Sanmagic and Kizzie, thanks for taking time to reply and your guidance through this difficult time. I feel really sick today, I have a huge migraine and it feels like my brain will explode. My body is ahaking and I have really bad chills and I am freezing and sweating at the same time. I thing the past weeks have taken a toll on my body and it seems it sends me signals to rest and calm down, Easier said than done.

The intensity of the emotional flashbacks has decreased the last days. I see it as a good sign, still there is fear left and I feel not secure about it. My apartment is clean and I have all work done till Monday morning. I decided to wrap myself up on the couch and simply watch some netflix.

Kizzie, I thought a lot about my inner childs but I am too afraid to work on this  right now, I could not cope with any more of  this feelings and pain, I am too exhausted. Sorry that I could not watch the video but I was afraid that it would trigger feelings I am simply not able to cope with right know. But I keep it up for a time where I have the courage to at least try. I am thankful for every way that is shown to me and I will get back to it when I gathered myself back together.- maybe with the guidance of my therapist.

Sanmagic, I feel safe in my home, the problem is that I cannot avoid contact to people. I am so afraid of getting hurt again right now that the only safety that I could really trust was not going into contace with anyone right now. I am afraid of my friends being annoyed by my present situation even though they offer support. I can`t trust anyone because I know I'm in a place where another hurt might literally kill me. Can anyone relate? I feel so sensitive and fragile.

I know that it is another survival-instinct. Being overprotective. I know that nothing will kill me, but the feeling is totally different and it feels not good to distrust everyone and everybody.

I am glad you believe in EMDR- at least to be a chance to release some of my issues. I do bodyrelated work once a week and regular exercising helped me manage my stresslevel. I hope I`ll get back to that when I feel better and have the energy to take a run.
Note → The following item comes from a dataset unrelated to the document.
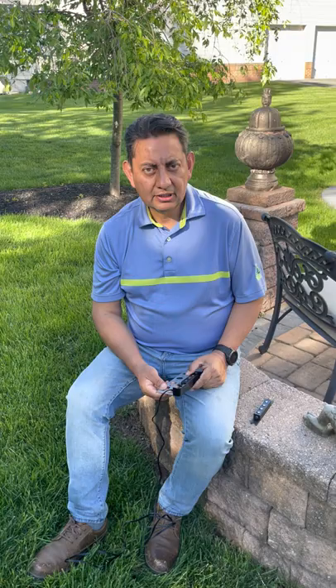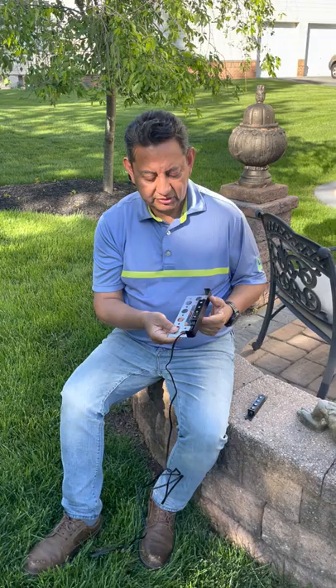Hi, this is Diego from Hey Joe Patio and I'm here to show you how to replace a burned light on our hardscape LED lights. I have one of the lights that you have in the backyard that looks like this. This is the model that comes with an LED case replaceable.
At this time I am so happy to have help here, know that kind people are out there who offer help and support and it is in a distance that at this point feels comfortable to me.

I hope I will be better in the next weeks, I have already some information and experience to share here so it might help others. I'd love to give some of the support back I received here.

You help me a lot. Thank you. Sending Hugs in return.